No host backend support yet, but the interfaces for rotlv
and rotrv are in place.

Reviewed-by: Alex Bennée <alex.bennee@linaro.org>
Signed-off-by: Richard Henderson <richard.henderson@linaro.org>
---
v3: Drop the generic expansion from rot to shift; we can do better
    for each backend, and then this code becomes unused.
---
 accel/tcg/tcg-runtime.h      |  10 +++
 include/tcg/tcg-op-gvec.h    |   4 ++
 include/tcg/tcg-op.h         |   2 +
 include/tcg/tcg-opc.h        |   2 +
 include/tcg/tcg.h            |   1 +
 tcg/aarch64/tcg-target.h     |   1 +
 tcg/i386/tcg-target.h        |   1 +
 tcg/ppc/tcg-target.h         |   1 +
 accel/tcg/tcg-runtime-gvec.c |  96 +++++++++++++++++++++++++++
 tcg/tcg-op-gvec.c            | 122 +++++++++++++++++++++++++++++++++++
 tcg/tcg-op-vec.c             |  10 +++
 tcg/tcg.c                    |   3 +
 tcg/README                   |   4 +-
 13 files changed, 256 insertions(+), 1 deletion(-)
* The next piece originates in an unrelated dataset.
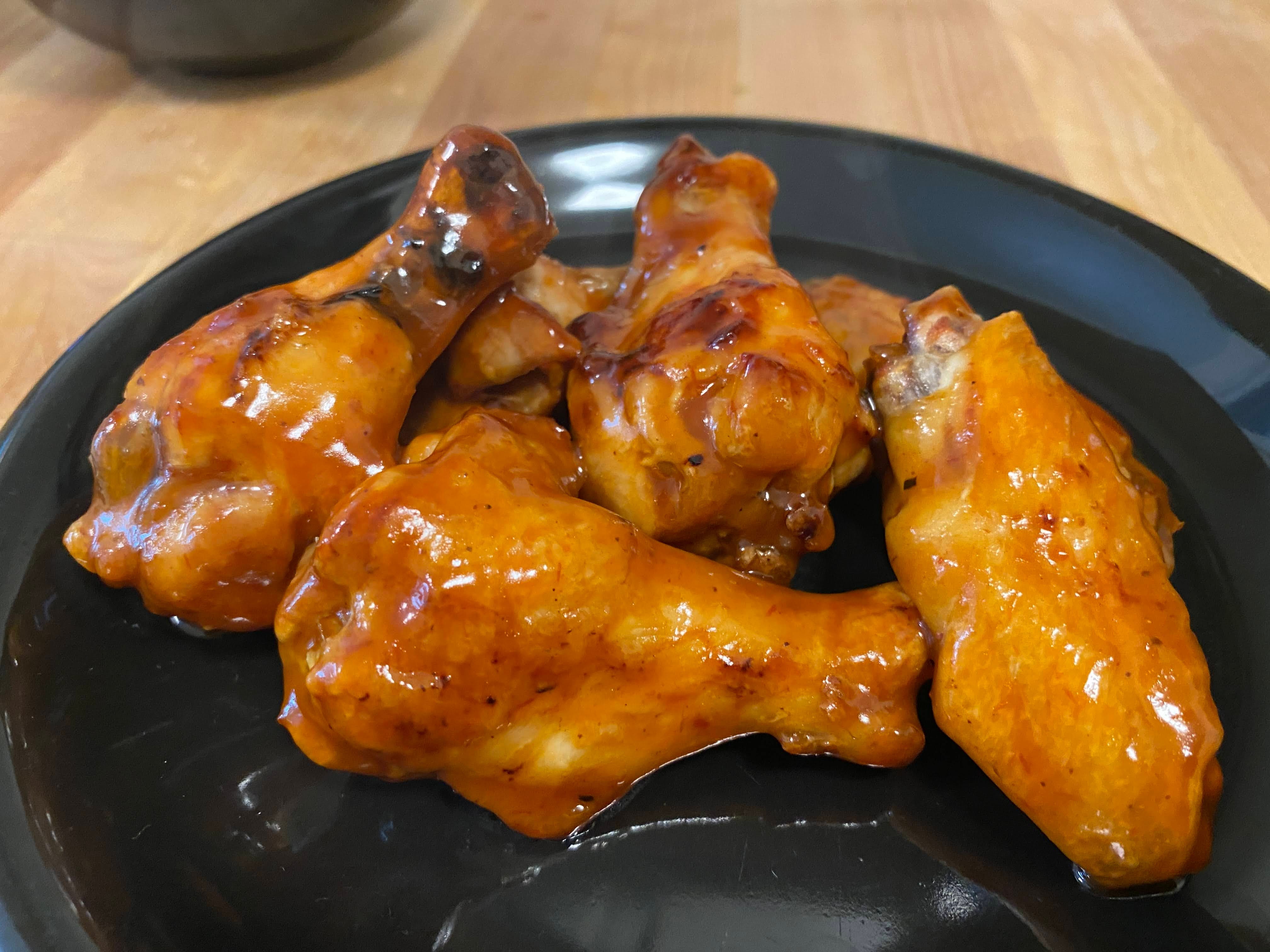 A photo of tossed chicken wings on a plate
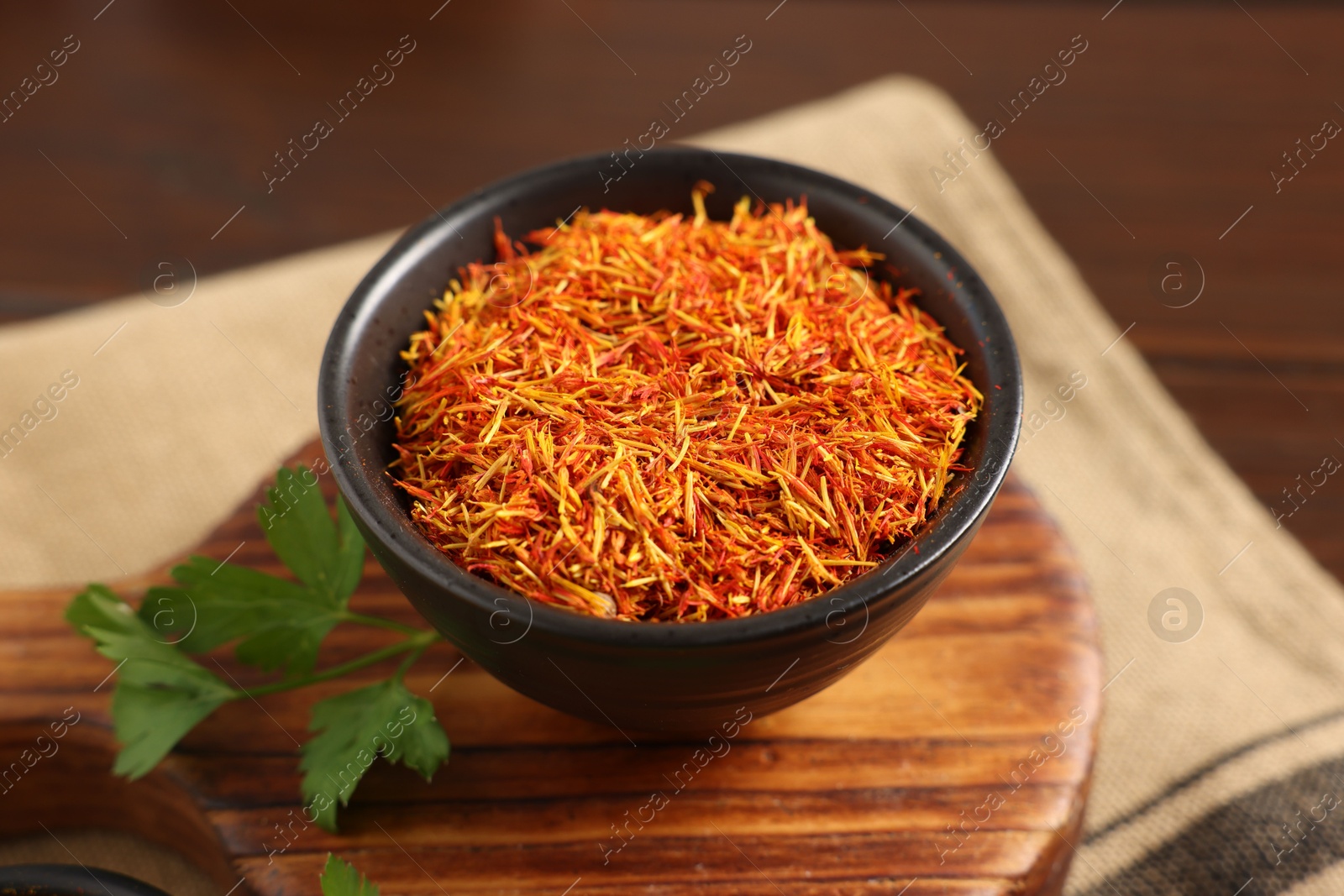 Saffron in bowl and coriander on table, closeup. Aromatic spices Photo of Saffron in bowl and coriander on table, closeup. Aromatic spices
diff --git a/accel/tcg/tcg-runtime.h b/accel/tcg/tcg-runtime.h
index cf10c8361e..4eda24e63a 100644
--- a/accel/tcg/tcg-runtime.h
+++ b/accel/tcg/tcg-runtime.h
@@ -279,6 +279,16 @@ DEF_HELPER_FLAGS_4(gvec_sar16v, TCG_CALL_NO_RWG, void, ptr, ptr, ptr, i32)
 DEF_HELPER_FLAGS_4(gvec_sar32v, TCG_CALL_NO_RWG, void, ptr, ptr, ptr, i32)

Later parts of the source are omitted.